- AIM OF THE EXERCISE -
Copy exactly, no pictures: every line from the one that contains "Groovy Gator 3/4 sleeve raglan shirt" through the end of the entries below.

Pictures with short captions
____

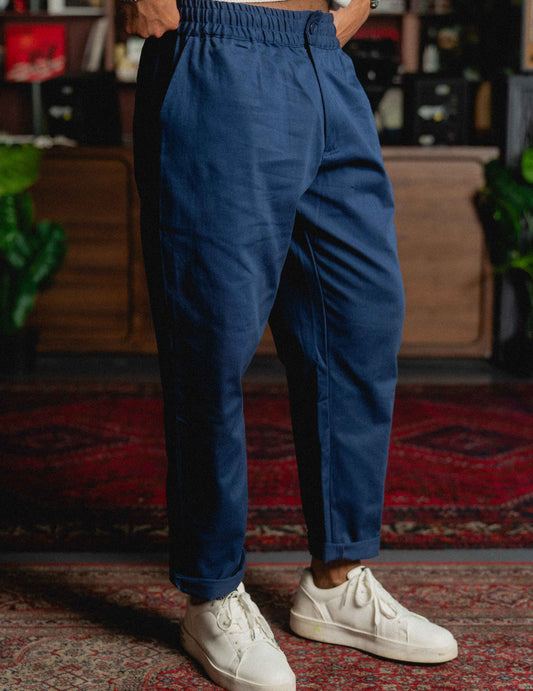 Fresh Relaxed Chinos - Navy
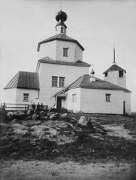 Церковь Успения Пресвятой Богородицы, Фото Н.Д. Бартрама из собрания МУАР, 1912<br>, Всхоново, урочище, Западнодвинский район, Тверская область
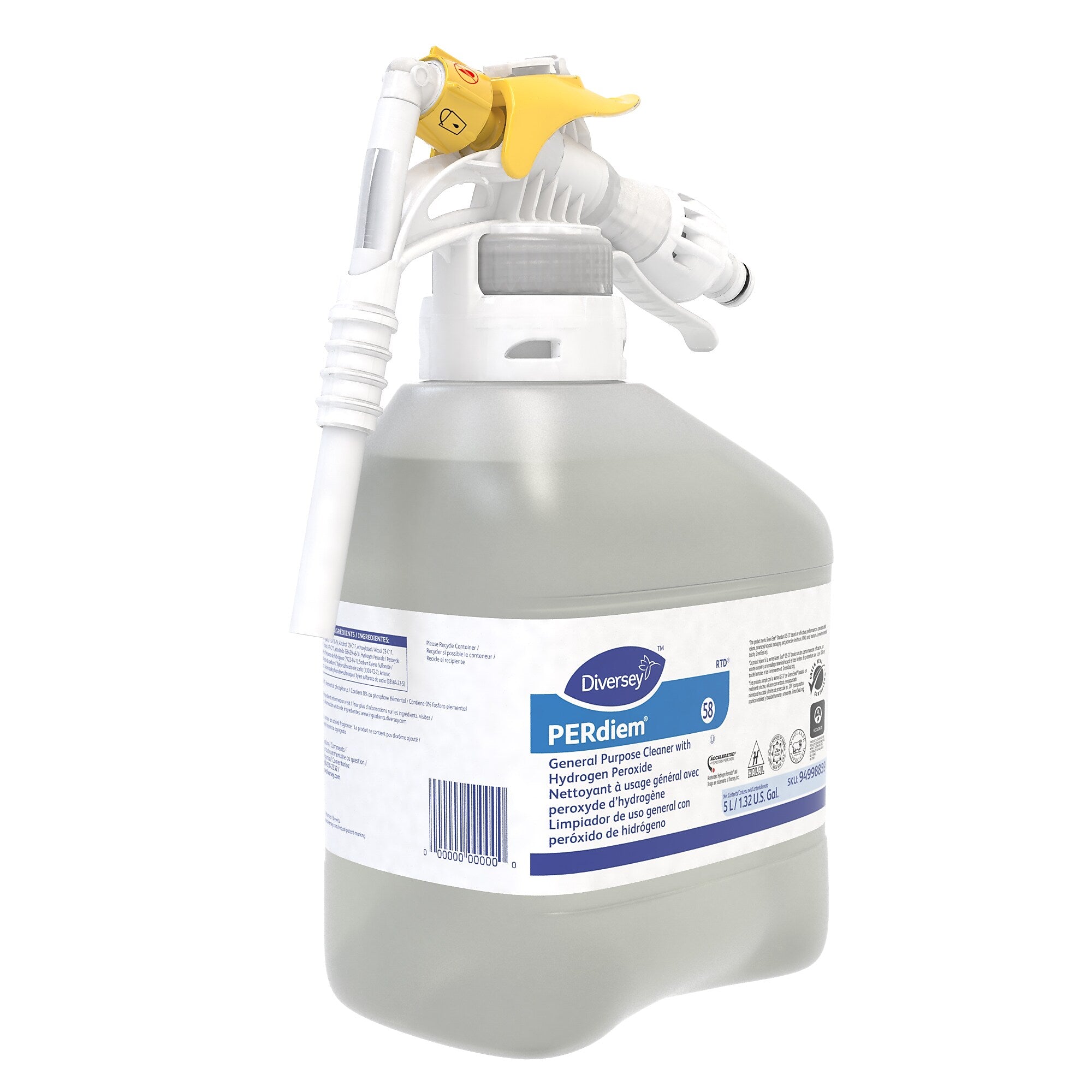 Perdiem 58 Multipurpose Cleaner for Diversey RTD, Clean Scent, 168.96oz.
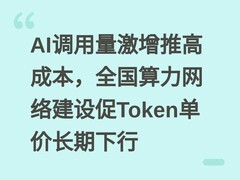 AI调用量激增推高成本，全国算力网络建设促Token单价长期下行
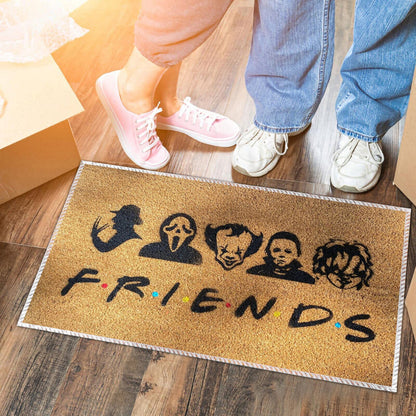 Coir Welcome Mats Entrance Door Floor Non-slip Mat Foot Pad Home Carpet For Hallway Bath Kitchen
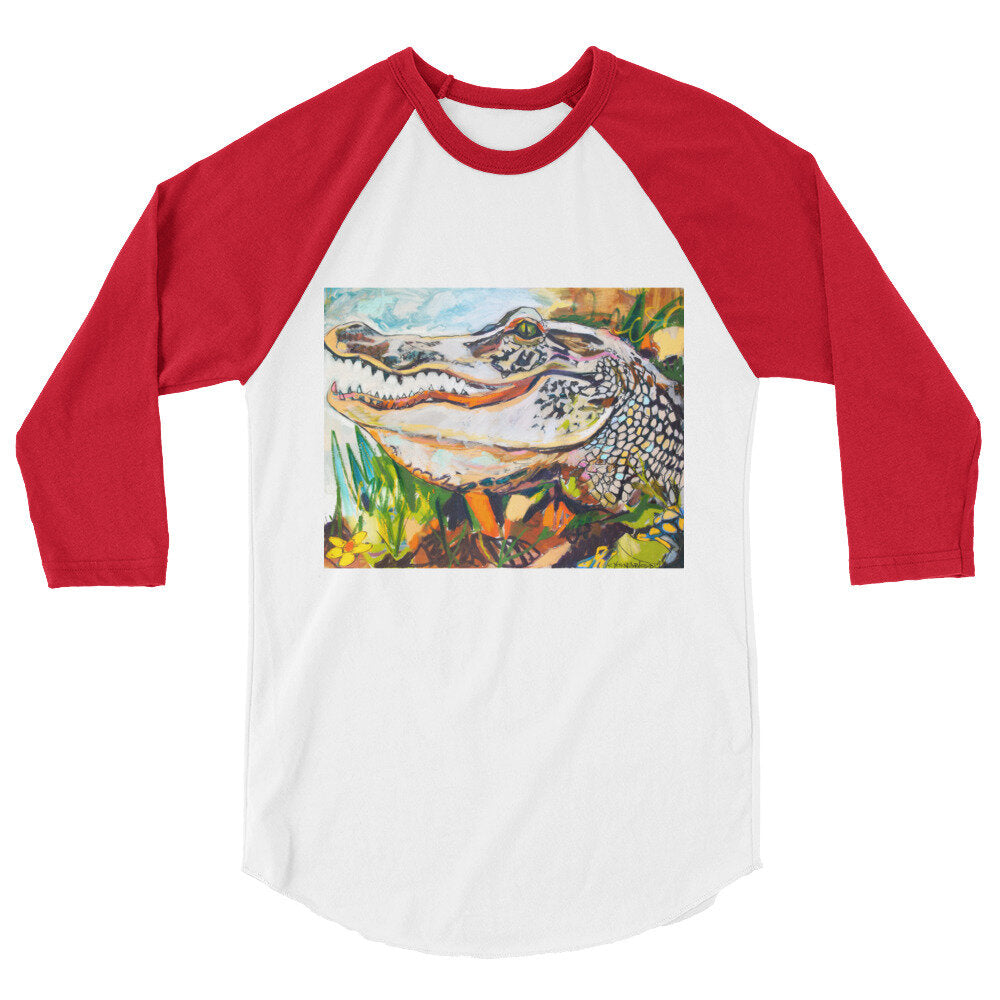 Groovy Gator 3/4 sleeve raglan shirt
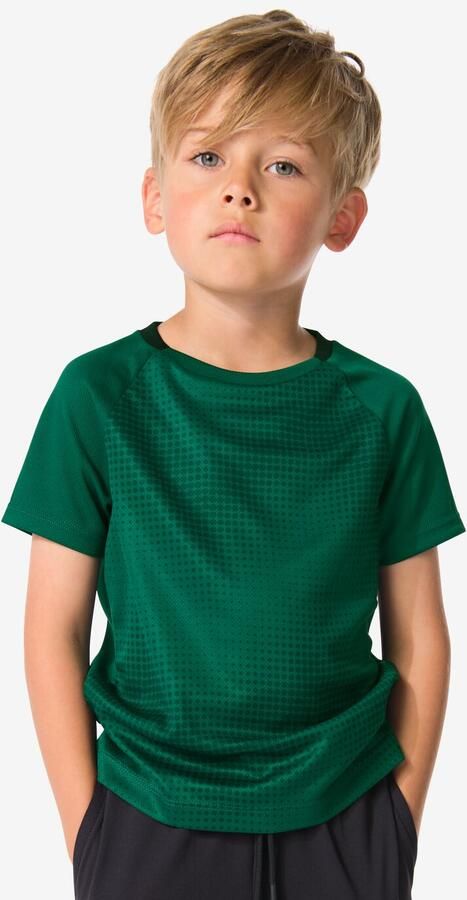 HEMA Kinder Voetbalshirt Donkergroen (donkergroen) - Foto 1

____

- OUTPUT BELOW -
 Groovy Gator 3/4 sleeve raglan shirt
 HEMA Kinder Voetbalshirt Donkergroen (donkergroen) - Foto 1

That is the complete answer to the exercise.